The floor is destroyed. She had asked if she could varnish it and we stupidly agreed but its half done and in tatters.
There are two crater like holes in the back garden where she must have been growing something and then removed it
There are pictures missing from the walls.
The carpets are absolutely filthy and look like they need to be replaced.

She was only in the house for 15 months and before she moved in it had been completed repainted and cleaned up. It's going to cost some money to get it habitable again.

We are fully registered and compliant with PRTB and Revenue so just want to do things properly.

I would appreciate any advice you can give.

Thanks,  Ellie


----------



## norejon (19 Feb 2013)

Busy bee did you ever do an inspection  of the house during the 15 months ???


----------



## oldnick (19 Feb 2013)

Whether Busy bee inspected or not does not affect her right to retain the deposit, though she was silly not to pass by a couple of times in the last fifteen months.

Unfortunately for busy bee...

1. PRTB are pro tenant. And it is a sad fact that some LLs have retained deposits for rather flimsy grounds. PRTB may believe it is the same here without real proof of damage.

2. Proving what busybee claims is difficult. Even with a video it's hard to show to "filthy"or" musty"  or that pictures are missing. 
Dampness may be due to a tenant not opening windows but I'm uncertain whether this can be provable or not -and ,anyway, is it obligatory (albeit sensible)for tenants to open windows regularly? Was this in any agreement or put in writing to her ?
(i'm playing devil's advocate here).

If tenant doesn't make a fuss about the deposit, fine.

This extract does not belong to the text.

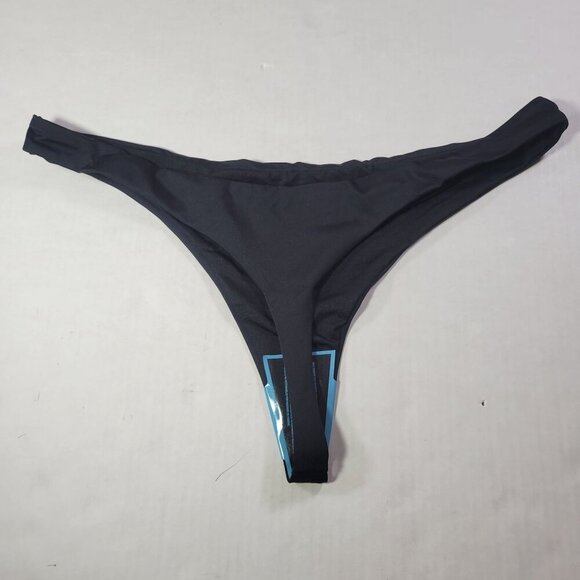 Asos Design Womens Black Thong Bikini Bottoms Swimwear Size 10 - Picture 4 of 4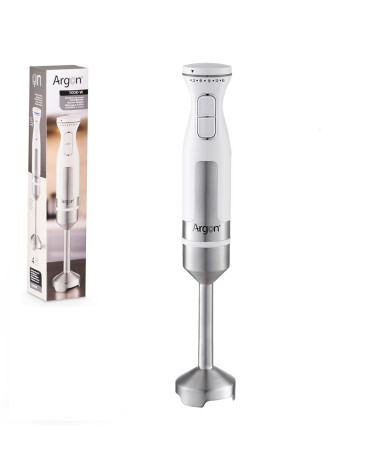 Batidora de Acero Inoxidable Blanca 1000W barata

Even if she demands a deposit  then busybee must have a  detailed written response stating why a return of deposit is not possible -and indeed there may be a claim for damages.  *But* if tenant goes to PRTB then I wonder if it's worth the hassle of continuing the fight , attending meetings etc. for an outcome that may not be in LL's favour.

Sad as it is to say this -  if one has got 15 months rent from a tenant then a few days cleaning up and a few hundred euros replacing some items is not that abnormal, annoying as it is. 

Many LLs will disagree with me -and strictly speaking they are right. One should fight for one's rights.  But  sometimes one has to decide whether it's worth the fight to the bitter end.

To sum up - play hardball until   PRTB proceedings are due -then decide.


----------



## uptomyeyesin (20 Feb 2013)

Get quotes to fully clean and repair your house. 

I would document everything of damage with pictures and send copies to the tenant with a letter explaining the cost of repair and request the tenant pays the difference to cover the damages made.

State you are withholding deposit as a months notice was not given as agreed with the tenant at the start. 

If you pay someone to repair, keep all the receipts.

The tenant may go to the PRTB but if they do at least you have documented evidence of the damage and cost of repair. 

PRTB are very pro tenant and some landlords claim excessive damage as an excuse to keep a deposit but it does sound like you could reasonably expect to keep some or all of the deposit to repair big damages like the floor. 

Cleaning etc I would consider part of a normal landlords remit unless you had it in writing that you wanted it professionally cleaned as part of the exit. 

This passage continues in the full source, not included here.